Sandra Torres insiste contumazmente en ser presidenta. Si aquel fraude del divorcio para ser candidata no fue suficiente, se presenta con un vicepresidente que se aparta súbitamente de la prédica religiosa para no infringir la prohibición constitucional. Mismos procedimientos y mañas en épocas distintas, aunque con idénticas intenciones. Además, cuatro de sus hijos y un hermano ocuparán candidaturas para consolidar aquello de “mi familia progresa”, y por si les sale mal nuevamente el conteo de votos.

Manuel Baldizón —como “Matrix renovado”— insiste en ocupar un espacio en un ambiente político que ya le negó el pase a una segunda vuelta. Desde prisión domiciliar emitirá un programa en redes y apoyará la candidatura de sus cachorros que aspiran —como todo hijo inútil de político— a seguir los pasos de su progenitor. Olvida decir que lo expulsaron de EE. UU. después de cumplir condena por lavado de dinero y que aquí tiene dos casos abiertos por graves delitos. ¡Otro delincuente en política!

El partido oficial propone a Manuel Conde, secretario general de otro partido, lo que deja entrever el oportunismo, pero también el fraude a la democracia y el engaño a los electores, y deja claro que cual mercenario responde a intereses personales.

La izquierda radical y autoritaria, próxima a dictaduras ya conocidas, incorpora a Jordán Rodas en un partido sostenido por una organización señalada de delinquir y con dirigentes acusados y condenados por robo de electricidad, retenciones y agresiones. Hay que recordar que Telma Cabrera fue elogiada por Thelma Aldana en el proceso electoral del 2019. ¡Como que se desprende un tufillo del porqué Codeca ha campeado libre e impunemente y cometido múltiples fechorías en pasadas administraciones!
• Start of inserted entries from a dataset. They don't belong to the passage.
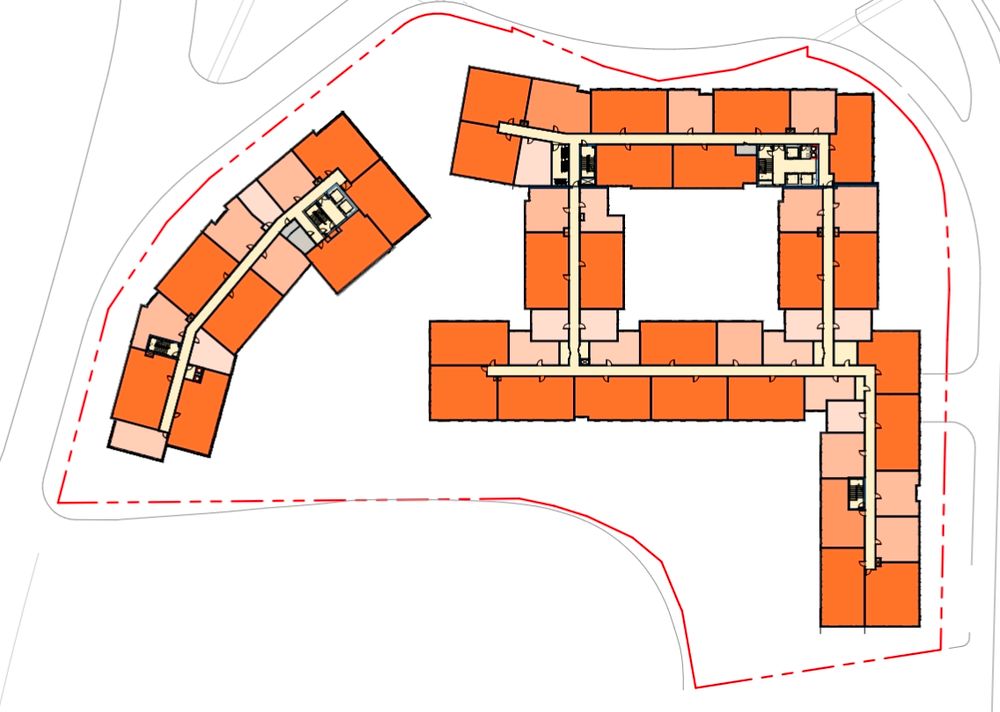 Level 3-5 footprint / unit+circulation map of Verve Charlottesville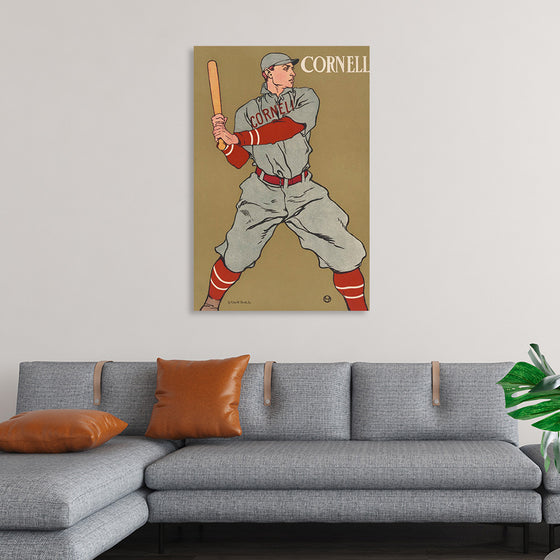 "Vintage Drawing of a Baseball Player Holding a Bat (1866-1925)", Edward Penfield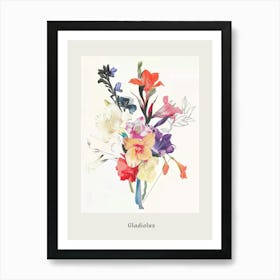 Gladiolus 2 Collage Flower Bouquet Poster Art Print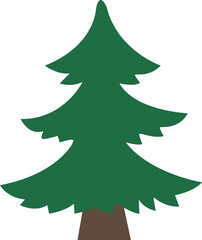 Simple Green Christmas Tree Flat Vector Illustration Design isolated.
Transparent background.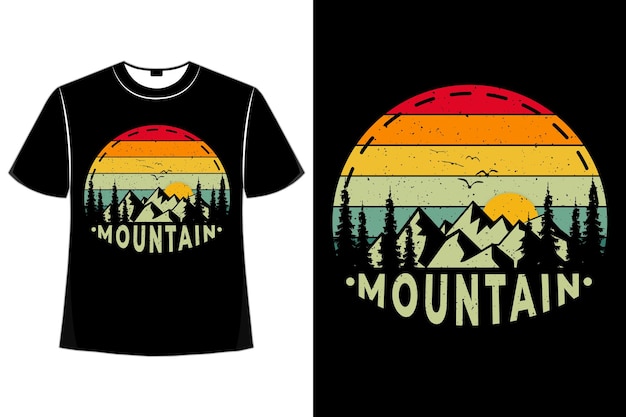 T-shirt bergkiefer sonnenuntergang retro-stil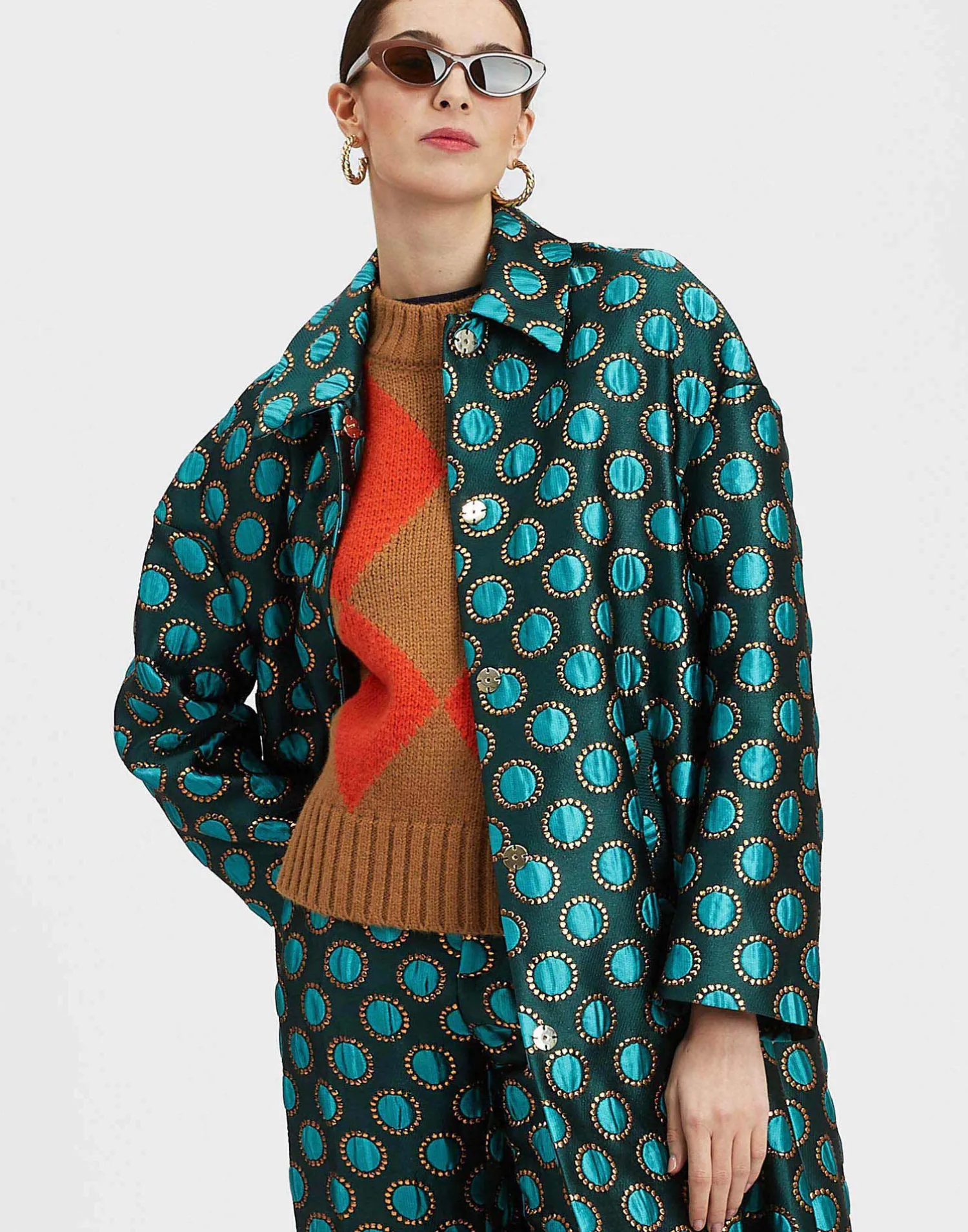 La DoubleJ Capispalla<Boxy CoatWinter Sun Emerald in Jacquard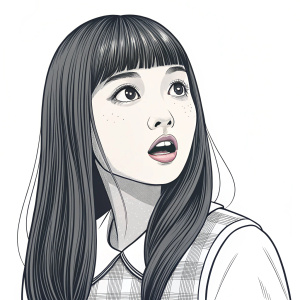 Young Asian girl with choppy bangs and long straight hair, surprised expression, simple graphic style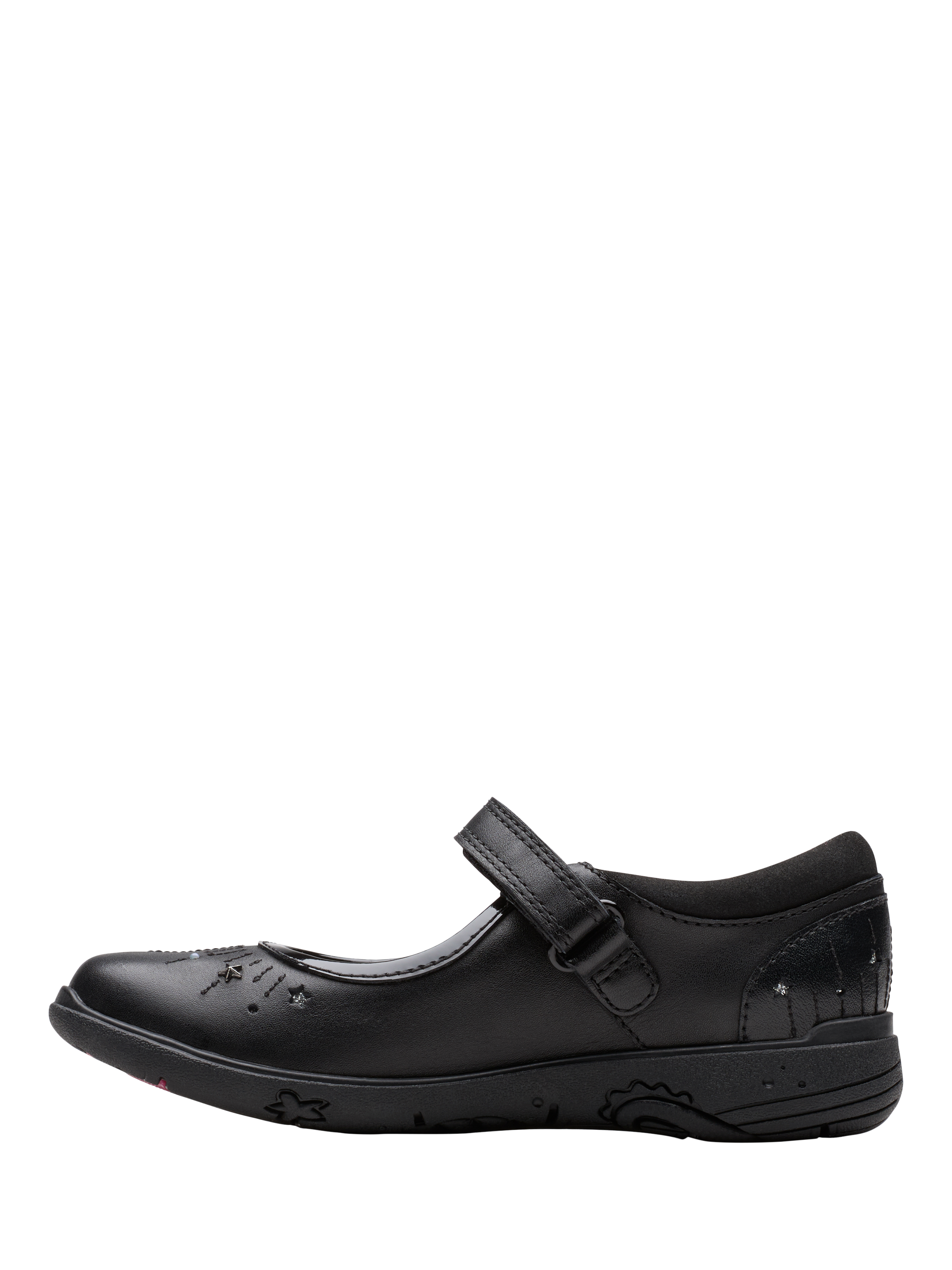 Product image 2 of 6, which shows Clarks Kids' Relda Wish Leather Unicorn Shoes, Black Leather, 13 E Jnr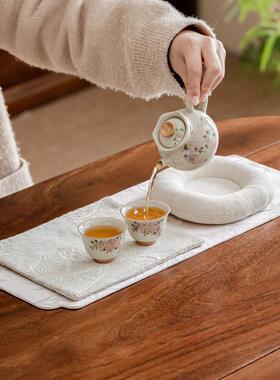 织锦缎刺ZH84805绣飘竹茶席套新中垫式家用布艺配隔热壶承垫道件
La otra izquierda, la que se dice moderada —Winap, Semilla y URNG— converge en la alcaldía de la ciudad capital con Foppa, quien seguramente se quejará de ser excluido de la contienda, silenciando que está procesado por un delito de falsedad ideológica con agravación electoral, el mismo que reconocieron varios de sus compañeros de fórmula —como Aníbal Arguello, exCicig— y por el que fueron condenados a tres años de prisión conmutables.

Para darle más sabor al caldo, la escisión de la UNE —ahora VOS— incorpora, como coordinador del plan de gobierno, al oportunista Manuel Villacorta —expresidenciable de Winaq—, lo que radicalizará las propuestas y las acercará al autoritarismo venezolano que tanto venera; y el secretario general del partido “Mi Familia” es ligado a proceso, y enfrentará cargos por los delitos de falsedad ideológica y casos especiales de estafa.

Por si no ve opciones, puede votar por populistas, con Arzú al frente, quien manifiesta reiteradamente su deseo de fusilar a medio país —Presidente incluido—, llenar de militares las calles y ofrece medicinas baratas, posiblemente de sus financistas argentinos.

No me diga usted que el voto nulo no es una excelente opción con este nauseabundo panorama electoral, porque en esta ocasión, hasta difícil será encontrar al menos malo.